> Work task: Please, from the entries below, transcribe exactly the lines that begin at the line with "Real estate listing preview #26" and end at the line with "Photo 11 of", without the pictures.

> Data records:

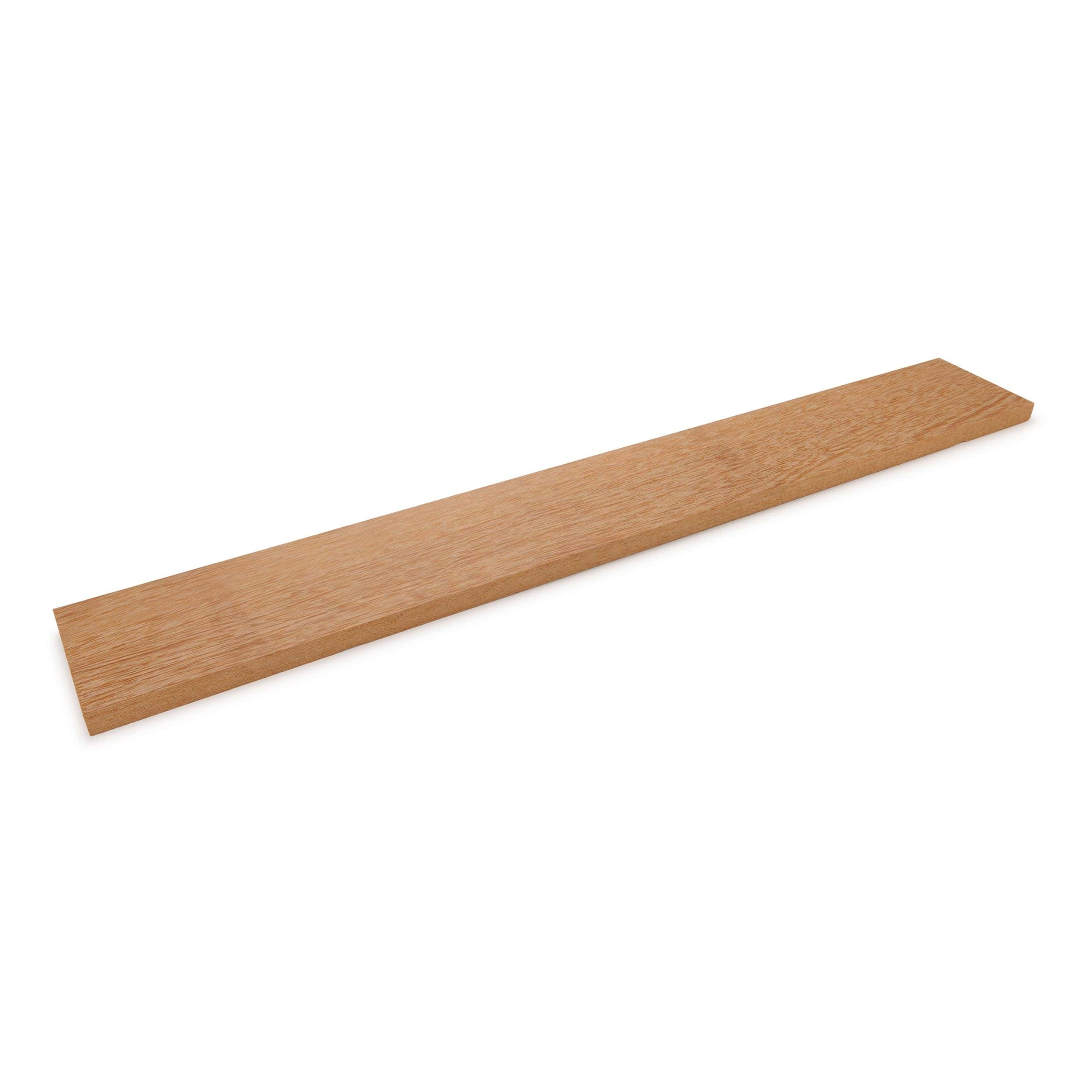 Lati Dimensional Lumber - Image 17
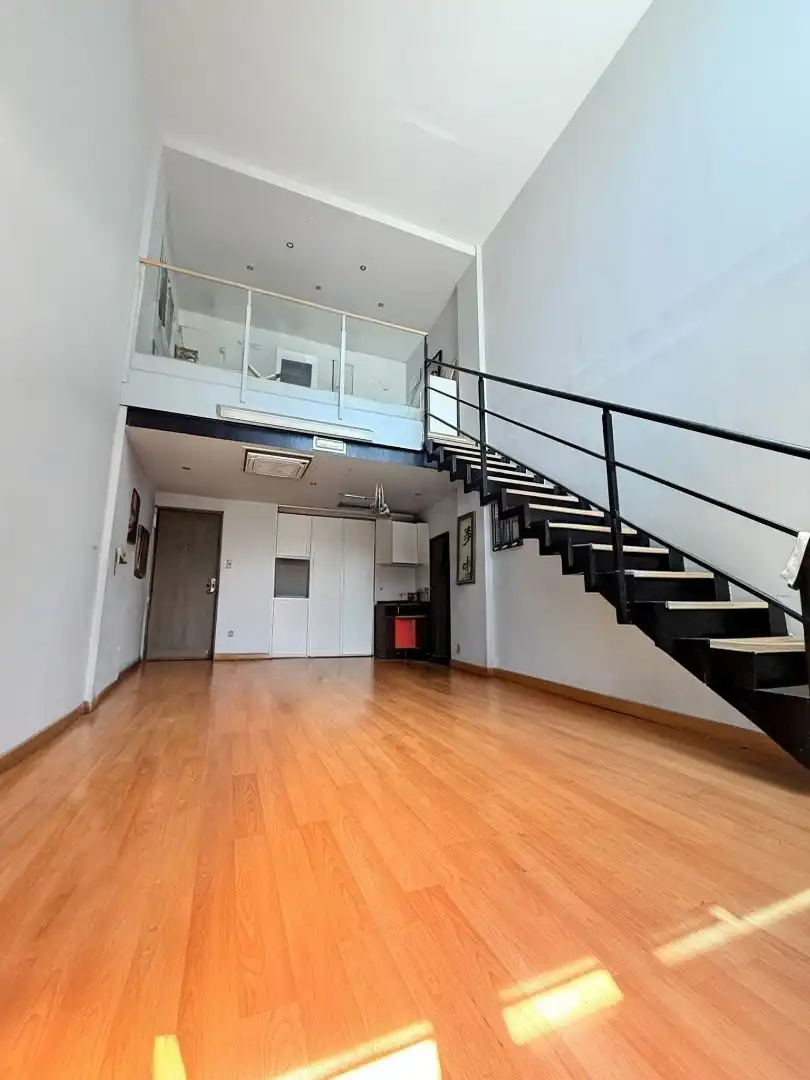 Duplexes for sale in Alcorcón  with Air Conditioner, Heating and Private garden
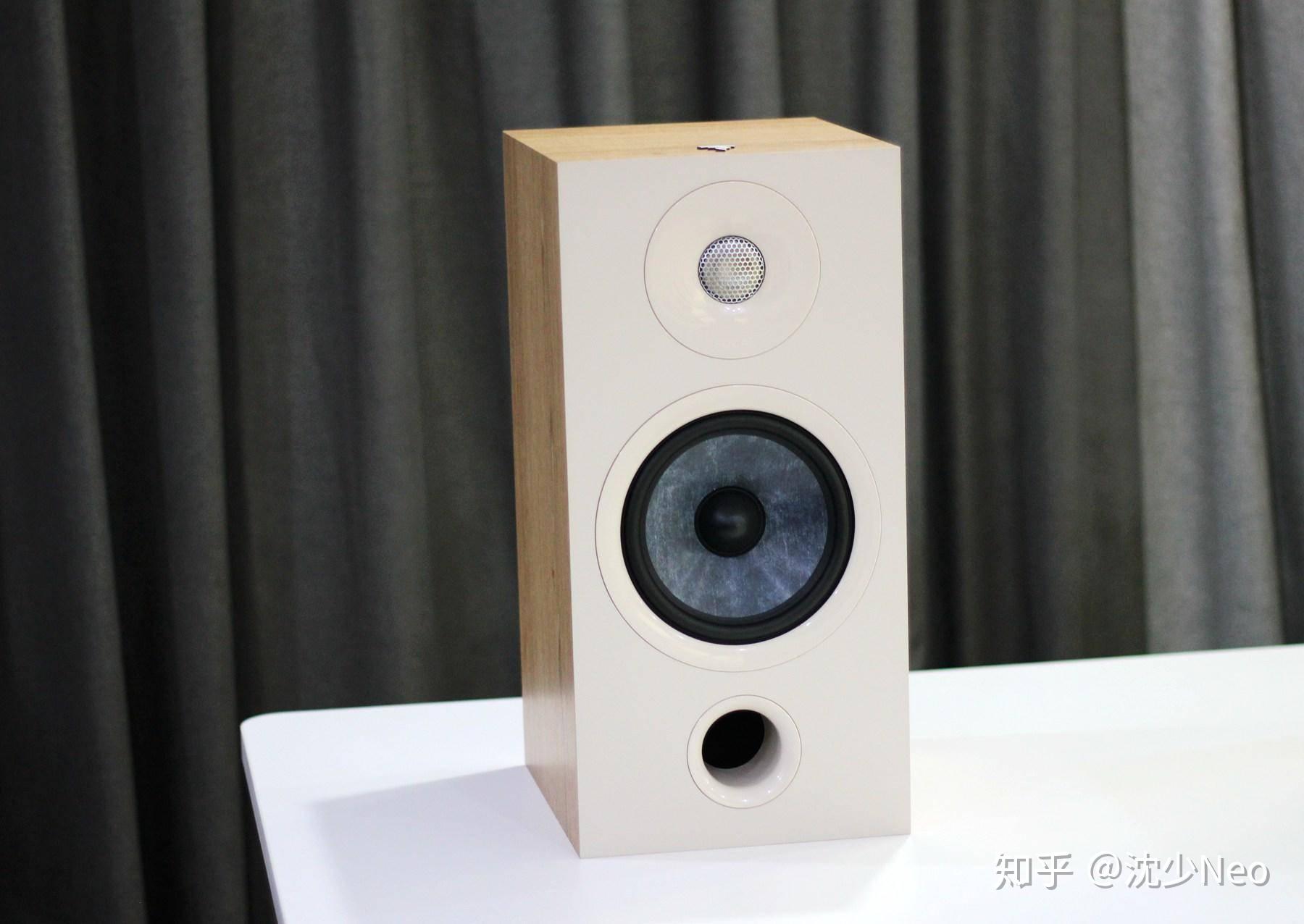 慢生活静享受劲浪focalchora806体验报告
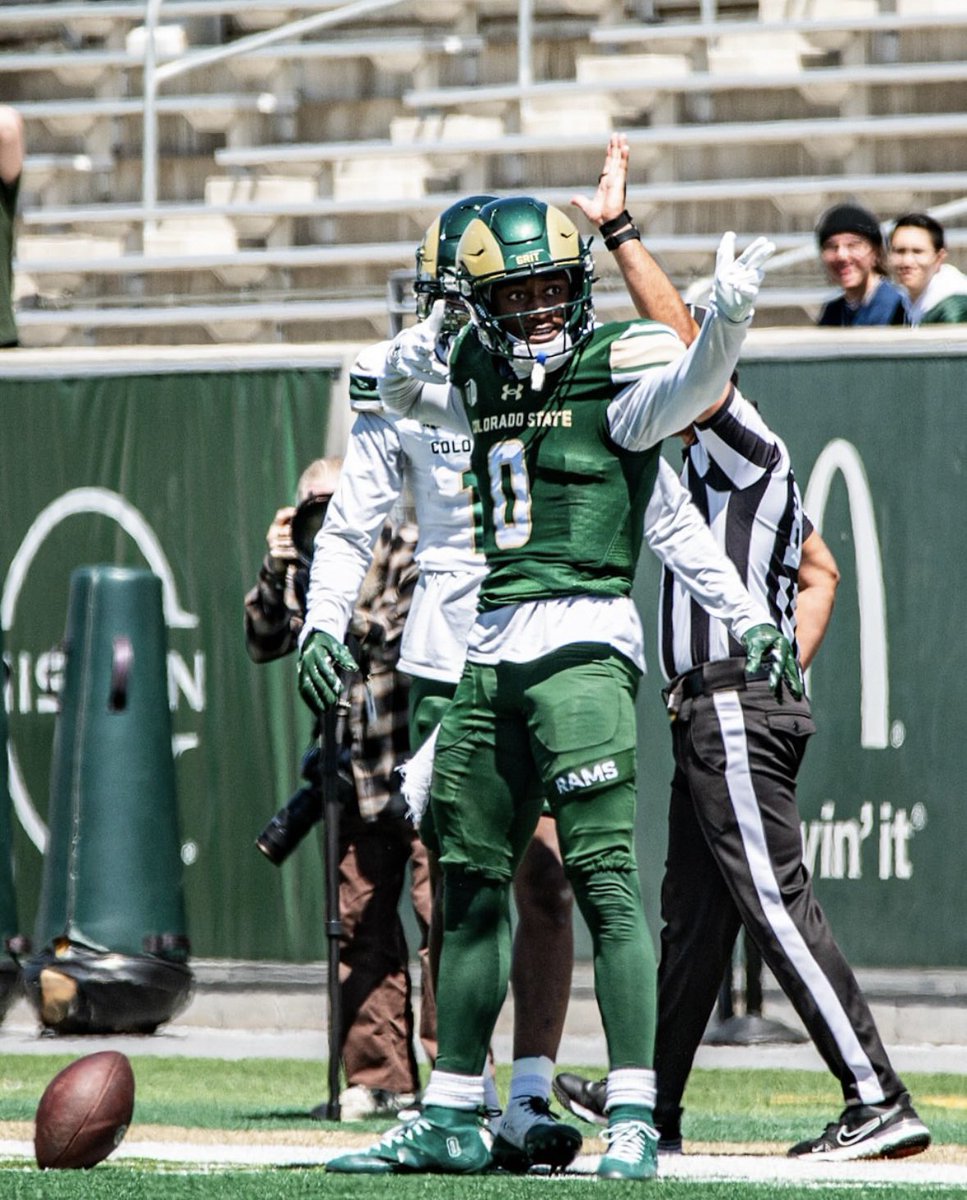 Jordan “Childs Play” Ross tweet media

==

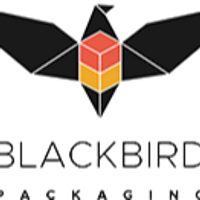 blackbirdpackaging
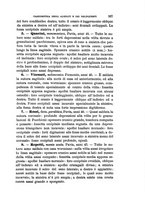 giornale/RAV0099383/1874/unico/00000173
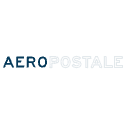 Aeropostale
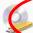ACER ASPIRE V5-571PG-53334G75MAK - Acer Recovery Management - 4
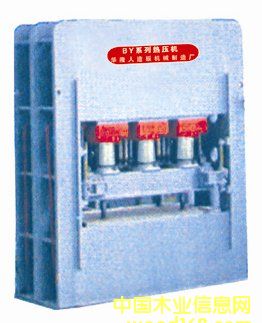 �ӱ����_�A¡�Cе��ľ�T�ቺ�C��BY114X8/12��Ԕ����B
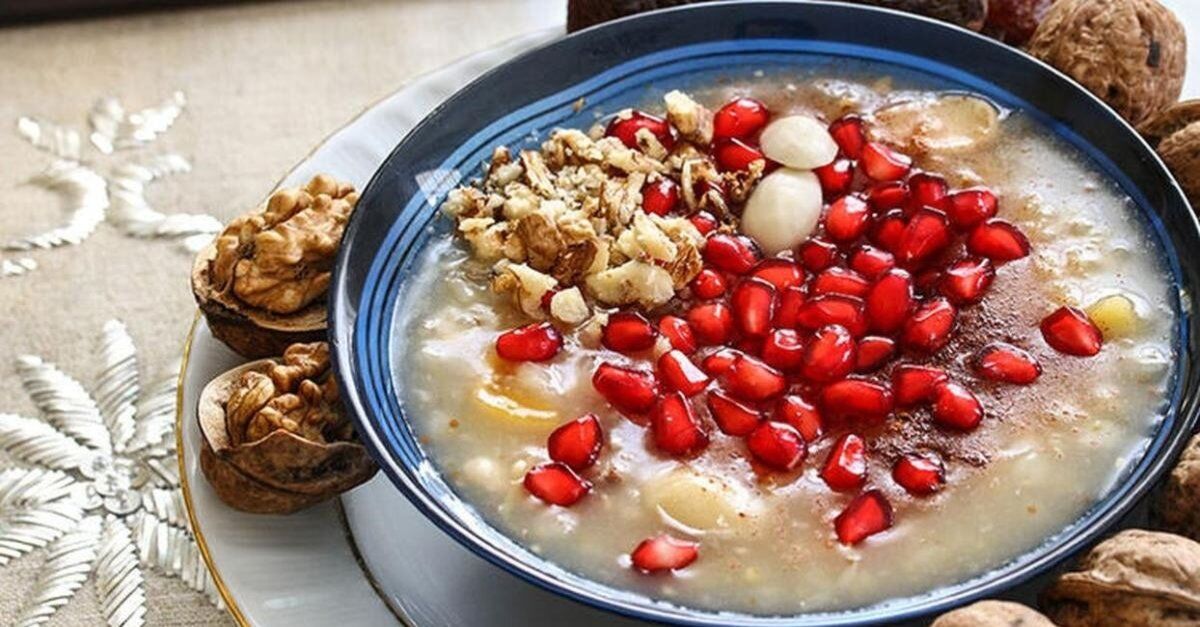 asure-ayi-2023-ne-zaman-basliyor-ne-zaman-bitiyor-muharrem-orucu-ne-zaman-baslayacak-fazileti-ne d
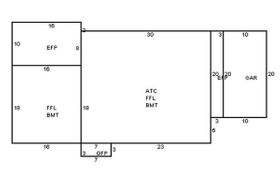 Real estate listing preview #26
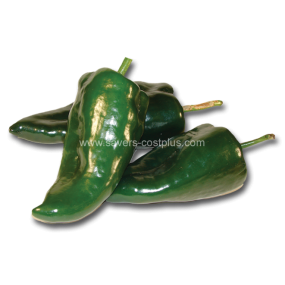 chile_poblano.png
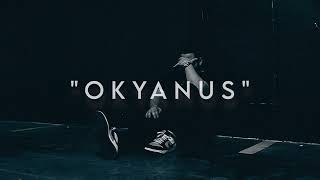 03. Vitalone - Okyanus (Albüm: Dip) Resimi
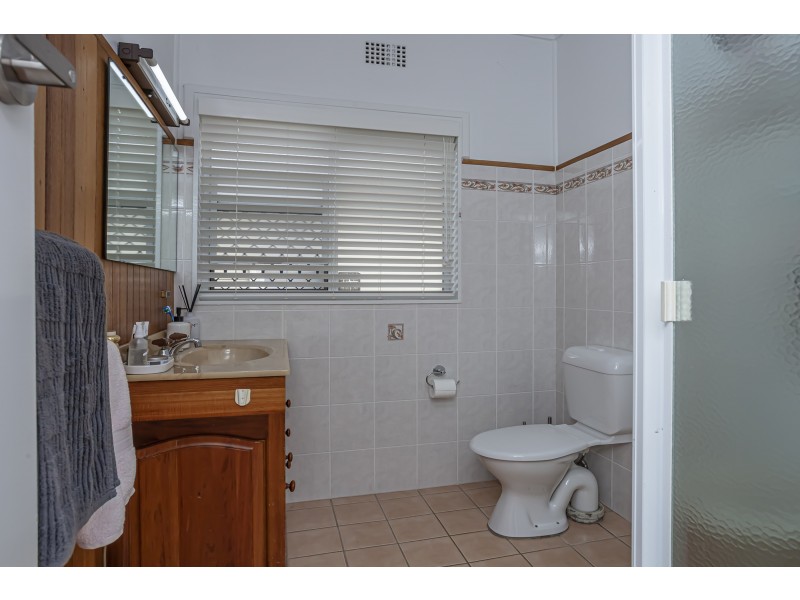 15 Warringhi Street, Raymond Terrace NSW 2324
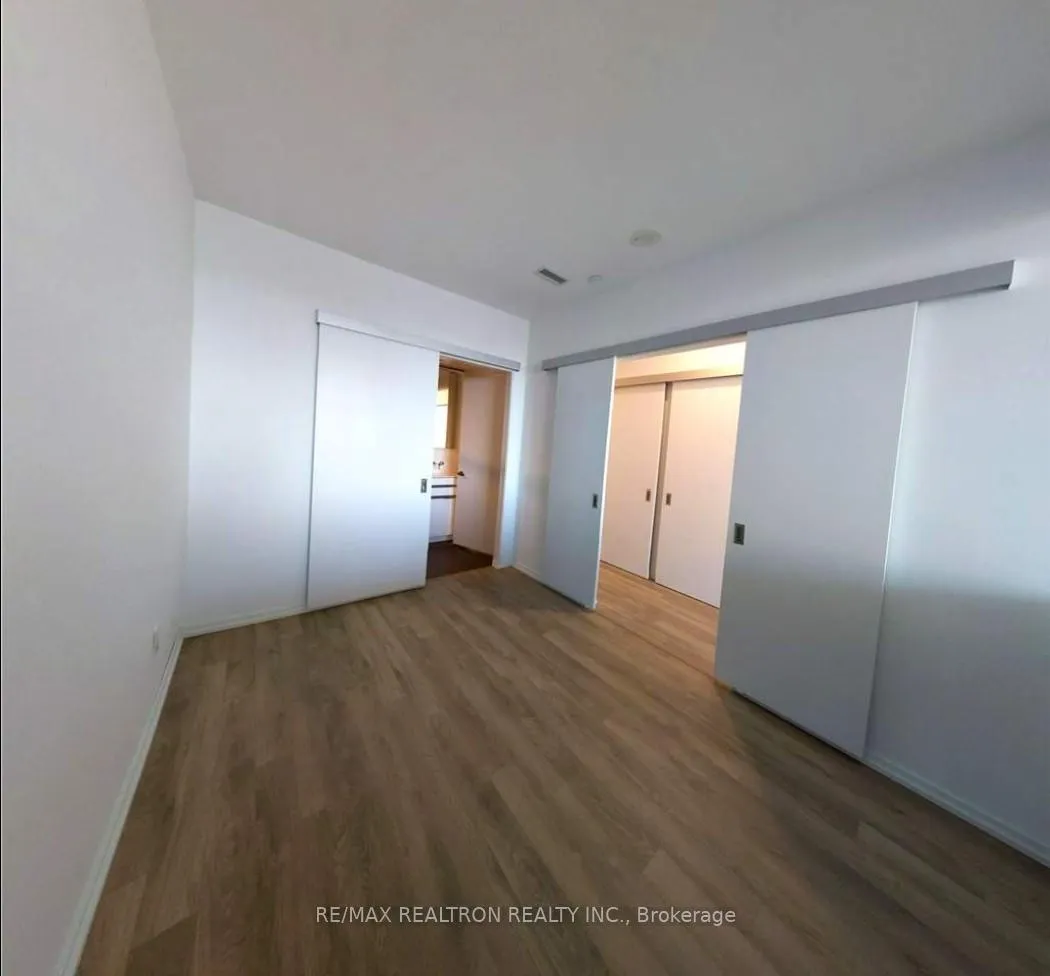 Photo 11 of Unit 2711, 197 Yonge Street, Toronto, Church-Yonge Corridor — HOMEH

> Response for this exercise:
 Real estate listing preview #26
 chile_poblano.png
 03. Vitalone - Okyanus (Albüm: Dip) Resimi
 15 Warringhi Street, Raymond Terrace NSW 2324
 Photo 11 of Unit 2711, 197 Yonge Street, Toronto, Church-Yonge Corridor — HOMEH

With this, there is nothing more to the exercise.